CAIRO
Supporters of deposed President Mohamed Morsi staged rallies on Friday to denounce what they call the "military coup" against Egypt's elected leader.
Pro-Morsi marches set out from mosques in the Cairo suburbs of Ain Shams, Abbassiya, Helwan and Shubra.
Chanting slogans against the military, protesters also demonstrated following Friday prayers in Cairo's upscale Mohandiseen district and Omraniya in Giza.
Protesters waved Egyptian flags and banners bearing the images of demonstrators killed in the violence which has gripped the country since Morsi's ouster early last month.

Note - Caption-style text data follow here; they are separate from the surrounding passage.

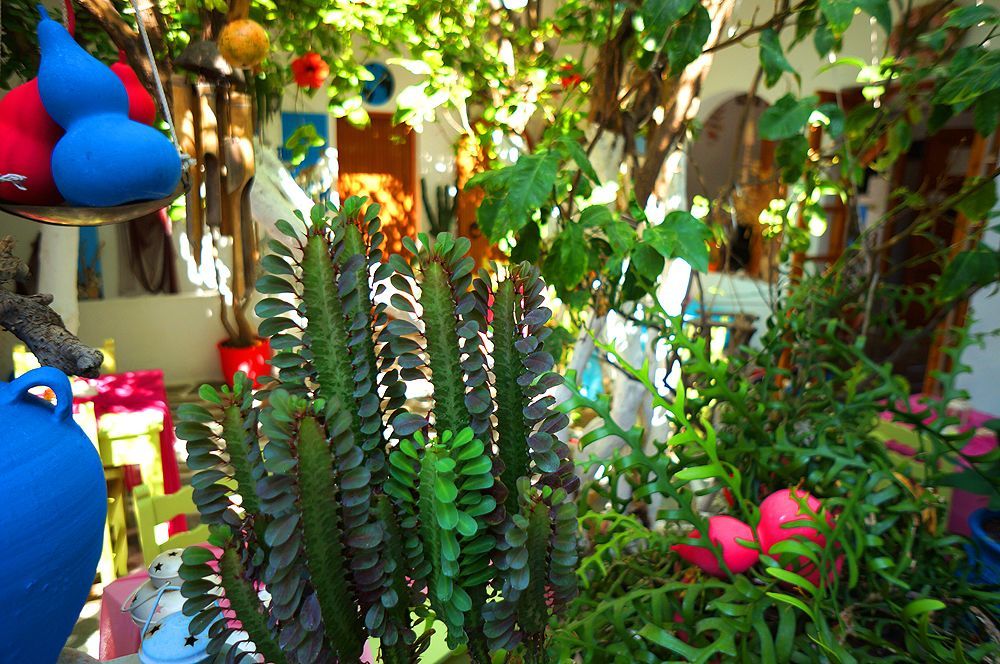 Hotel Arian Páros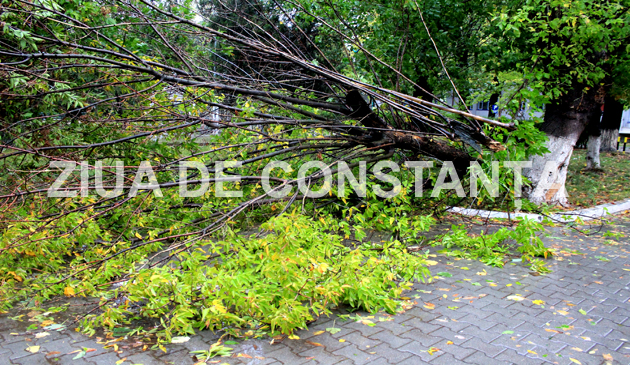 fotoreportaj constanta sub cod portocaliu 471669 fotoreportaj constanta sub cod portocaliu 471669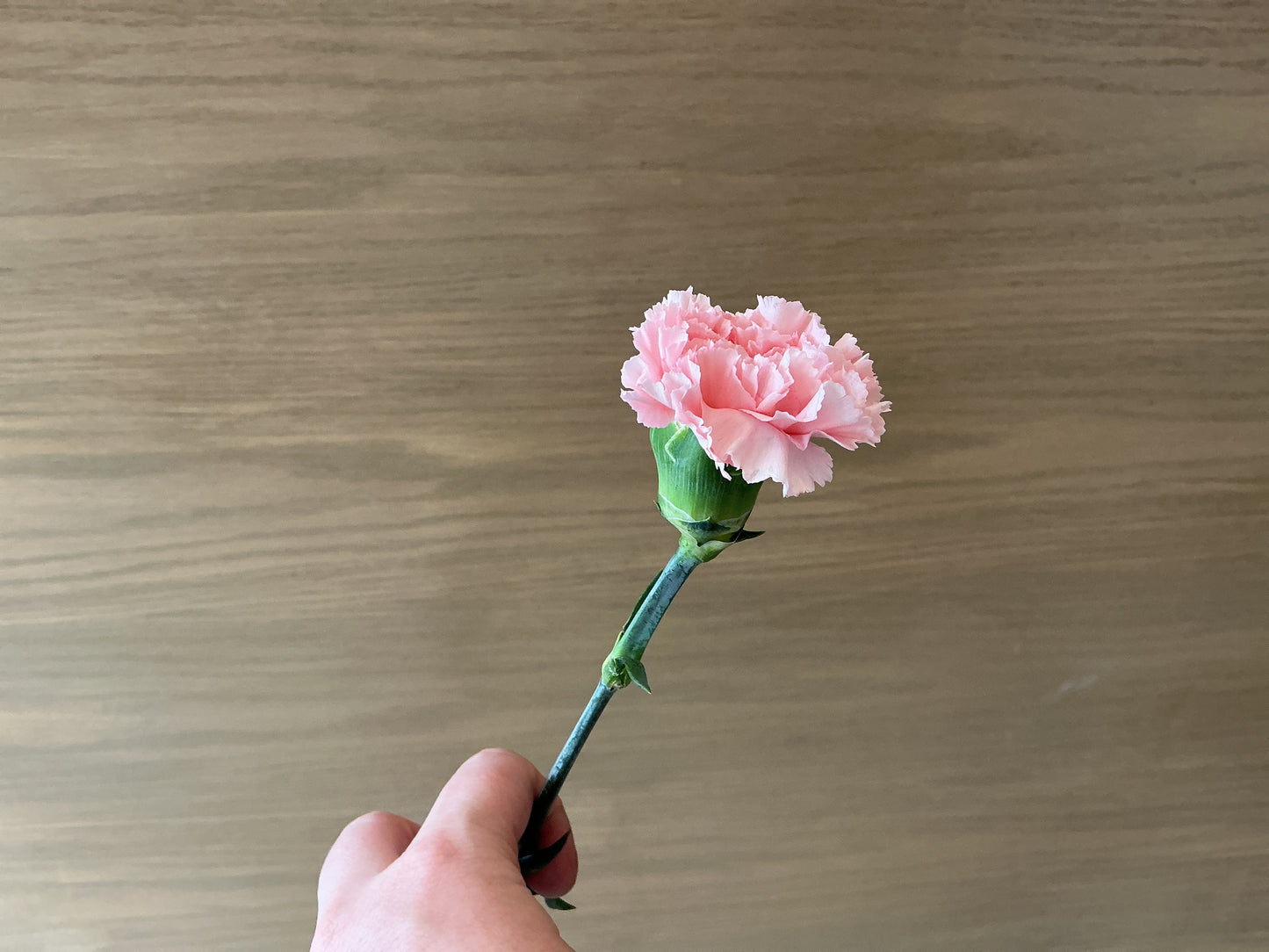 Carnation Stem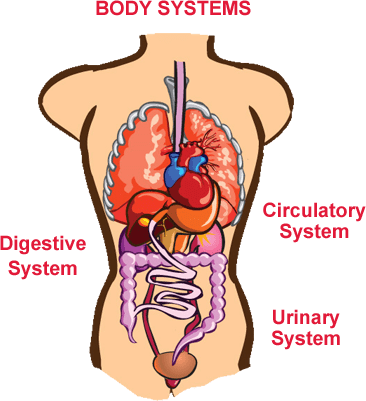 Detoxify Mega Clean System Flush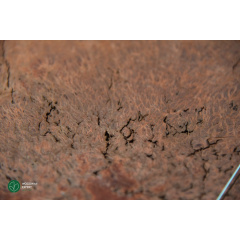 Шпон корень Амбойны 0,6 мм - Logs Полтава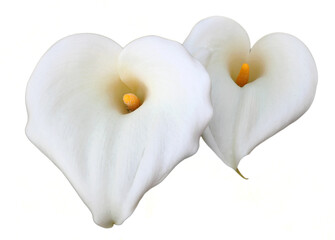 A pair of heart shaped, white, Calla Lilies isolated on a white background. Zantedeschia aethiopica 
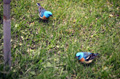 Lazuli Buntings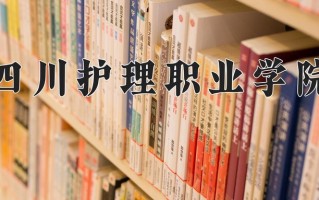 2025年四川护理职业学院在四川计划招生人数（附学费及专业录取分)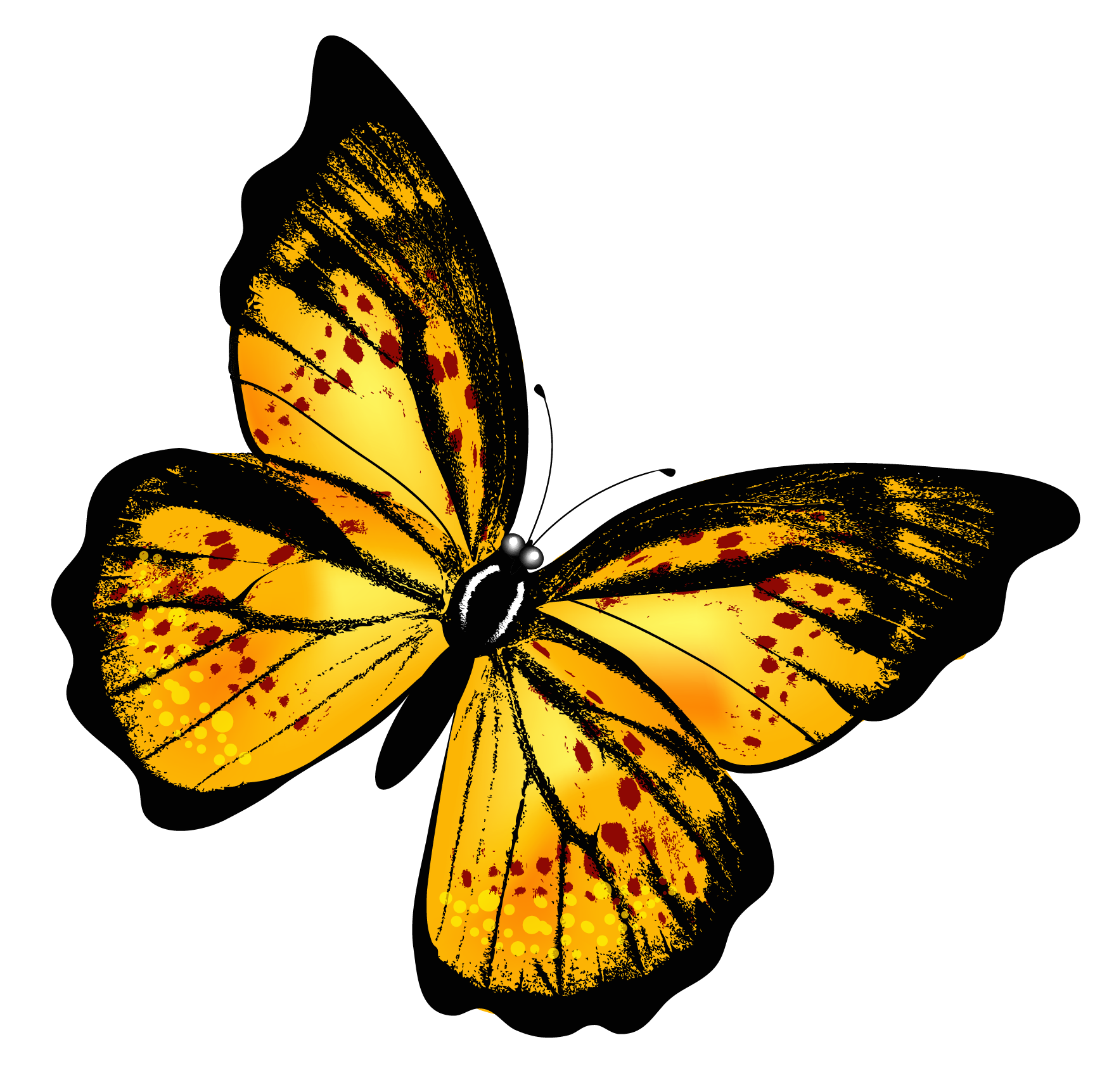 Butterfly Png 9 PNG Image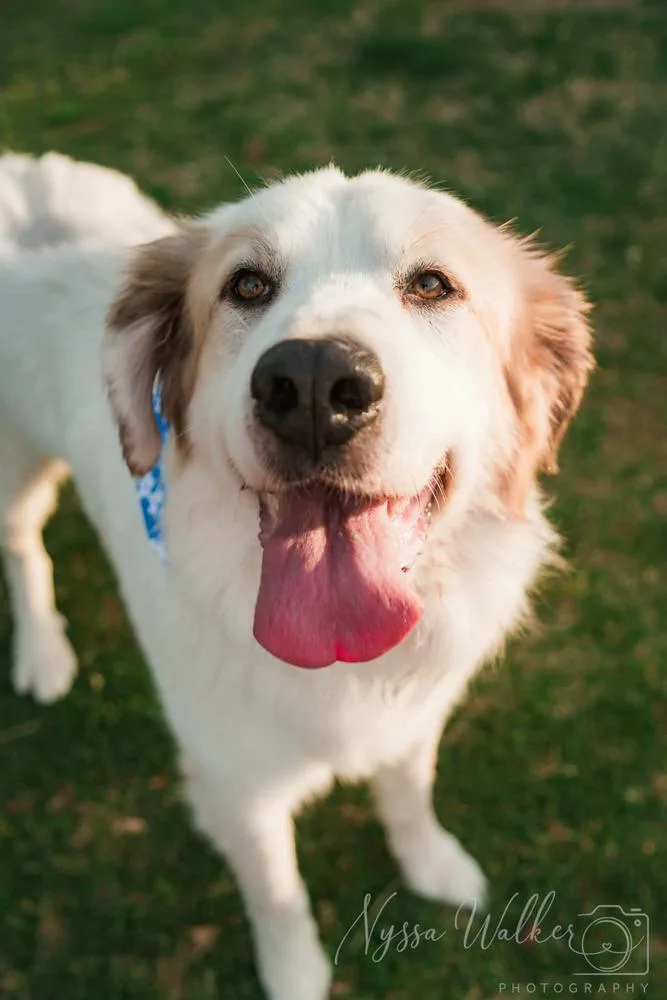 Argus 💚 thumbnail 4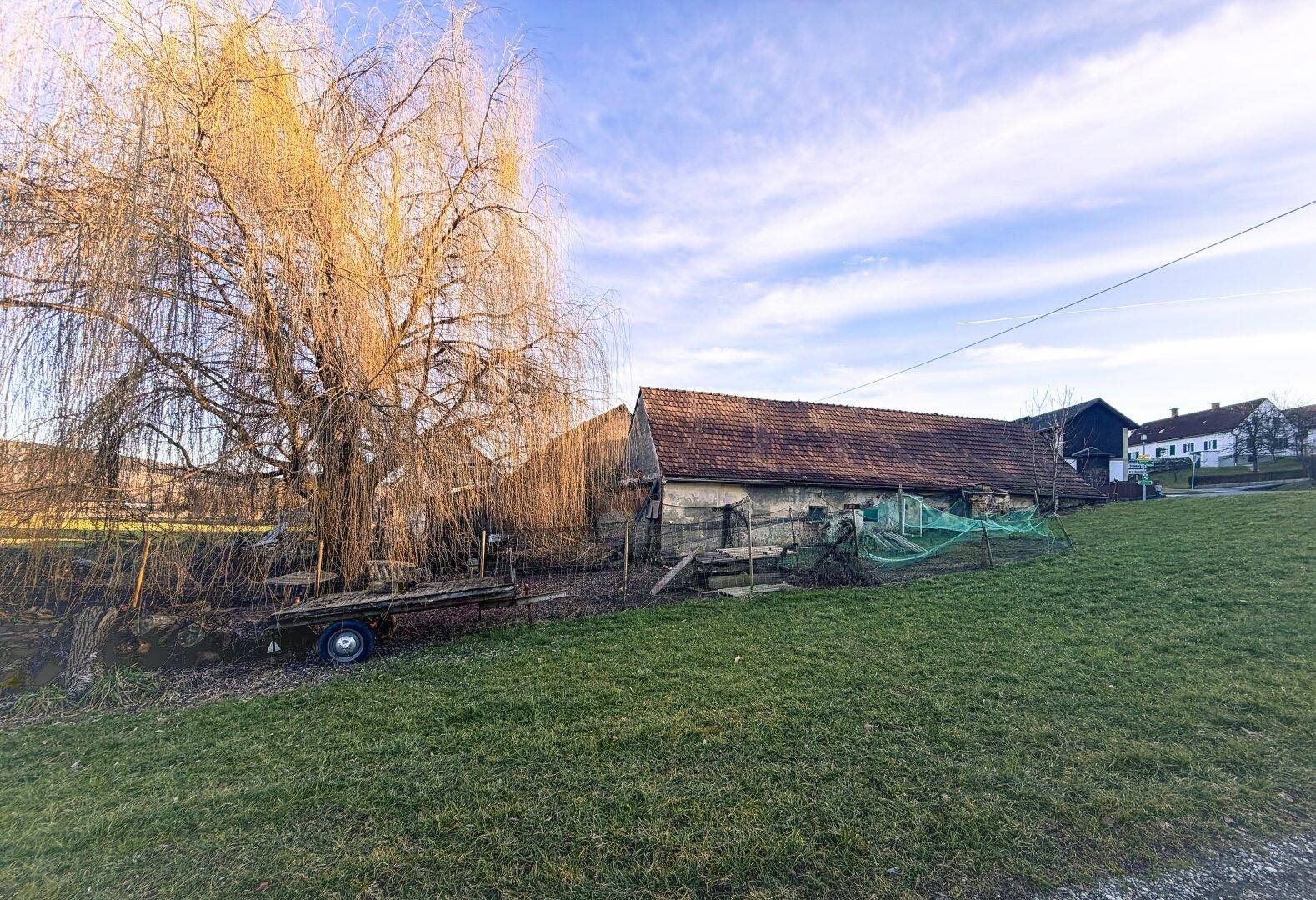 Einfamilienhaus mit Entwicklungspotenzial auf großzügigem Grundstück inklusive Landwirtschaftsflächen und Wald - Widok 5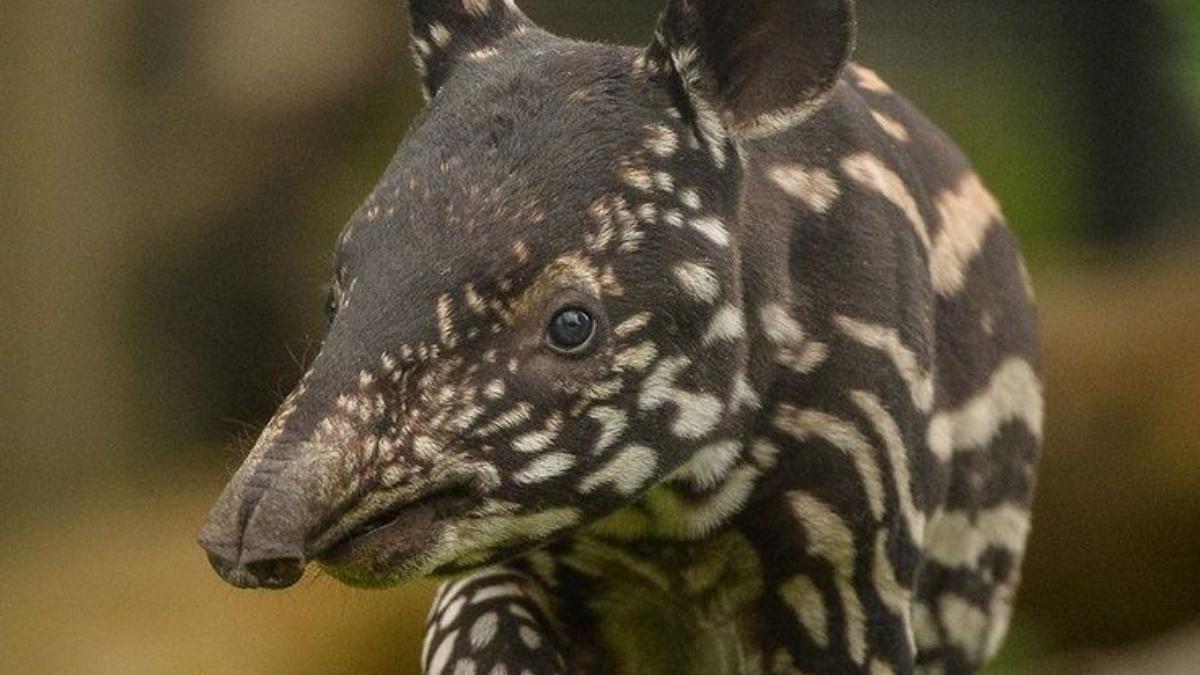 tapir amarillo El tapir malayo (Tapirus indicus) está en peligro de extinción debido a varias amenazas (Foto: Pinterest)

Demonstrators also carried the "four-fingered salute" sign, the "Rabaa sign," to commemorate the hundreds of people killed in last week's violent dispersal of a pro-Morsi protest camp in eastern Cairo's Rabaa al-Adawiya Square.
Pro-Morsi demonstrations were also staged in the northern city of Alexandria and in the canal city of Ismailia.
Morsi, Egypt's first democratically-elected president, was ousted by the powerful military on July 3 following mass protests against his regime.
The unconstitutional change of government is described by supporters of the Islamist president as a "military coup," while his opponents describe it as a military-backed popular uprising.
Friday's rallies were called for by the National Alliance for the Defense of Legitimacy, a coalition of largely Islamist parties and figures supportive of Morsi.
In a Thursday statement, the alliance said the marches would be part of a series of scheduled demonstrations on what it has dubbed "Martyrs Friday."
"There are no plans for sit-ins or assemblies in any of the major squares so far," Magdi Salem, a senior alliance figure, told Anadolu Agency.
"We remain committed to peaceful protests."